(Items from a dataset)

┄┄┄┄┄┄┄┄┄┄┄┄┄┄┄┄┄┄┄┄

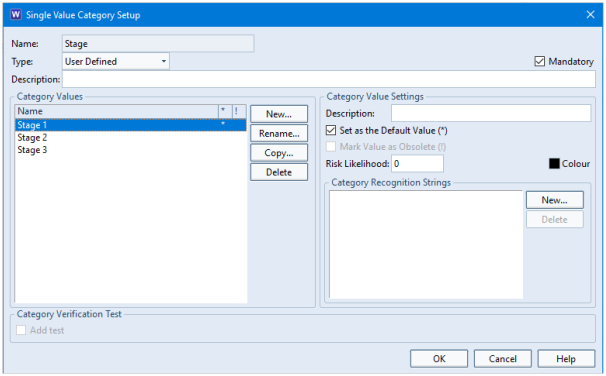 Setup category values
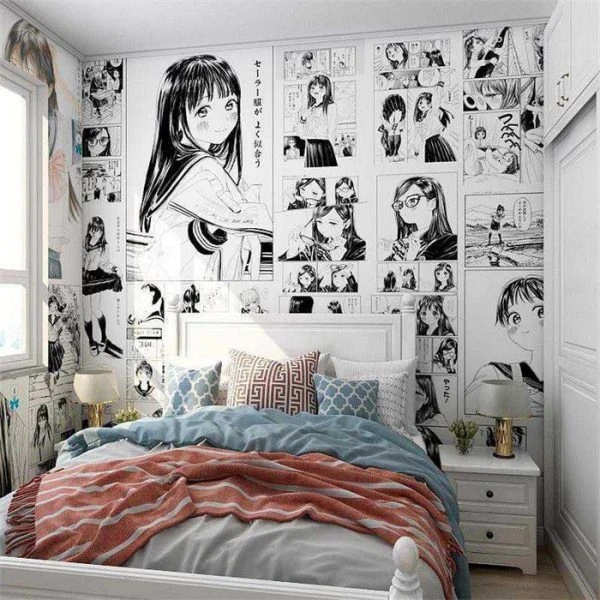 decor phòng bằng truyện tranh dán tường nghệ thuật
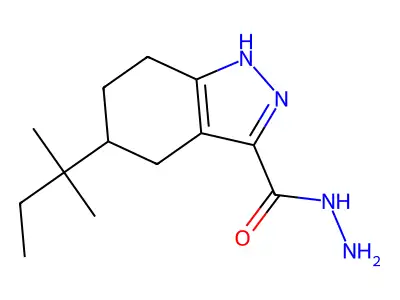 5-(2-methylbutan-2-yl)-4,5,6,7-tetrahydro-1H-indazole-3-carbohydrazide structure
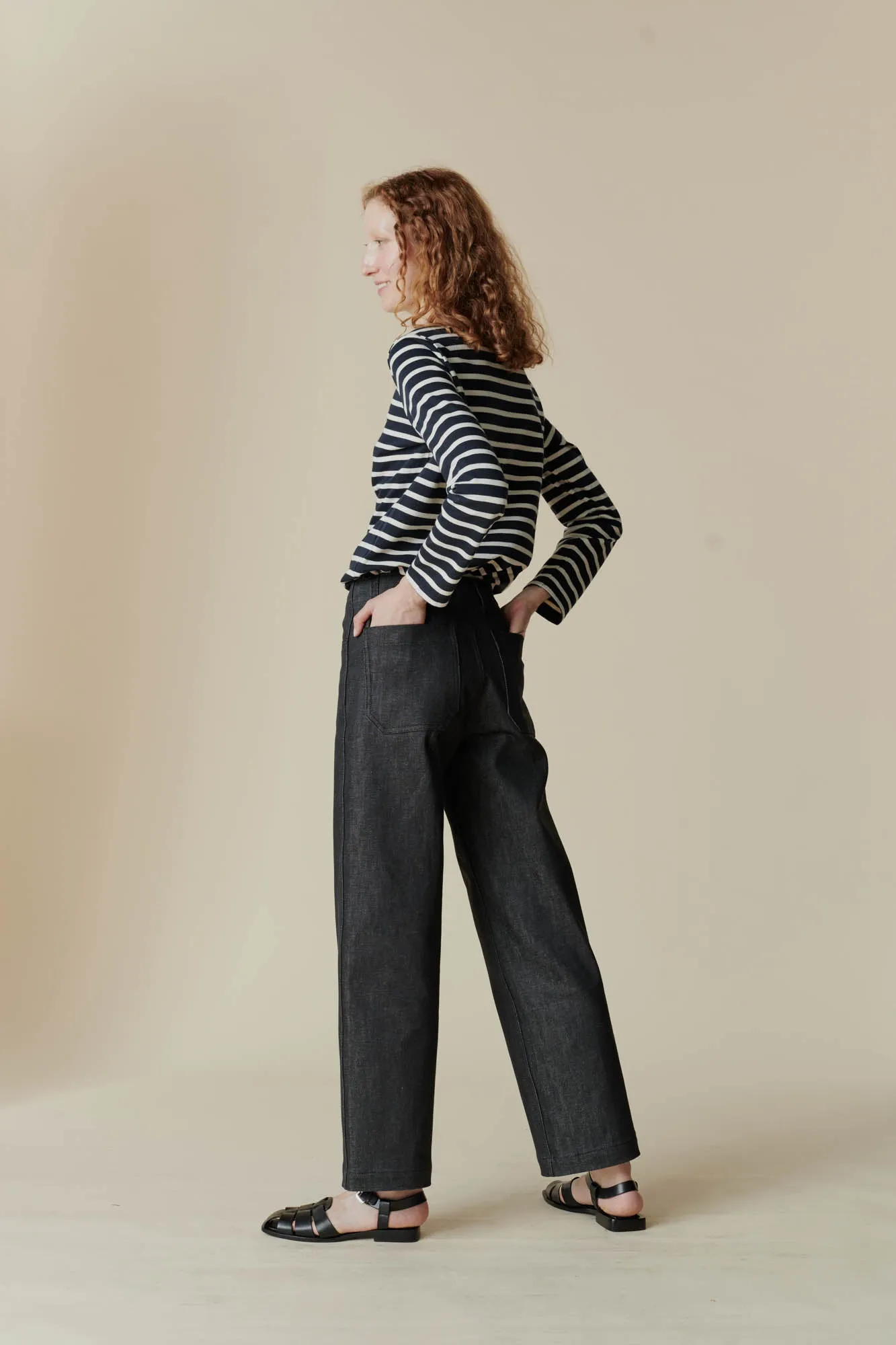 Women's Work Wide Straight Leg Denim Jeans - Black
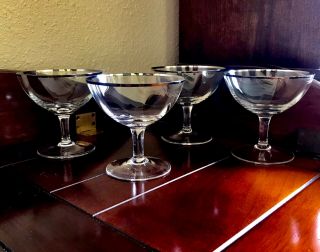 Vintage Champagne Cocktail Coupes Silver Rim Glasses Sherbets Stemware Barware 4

┄┄┄┄┄┄┄┄┄┄┄┄┄┄┄┄┄┄┄┄

• **HOW TO COMPLETE THIS TASK**: Once the line containing "Women's Work Wide" is found, write out exactly that line and each line after it through the end of the entries, omitting pictures.

• **YOUR SOLUTION**:
 Women's Work Wide Straight Leg Denim Jeans - Black
 Vintage Champagne Cocktail Coupes Silver Rim Glasses Sherbets Stemware Barware 4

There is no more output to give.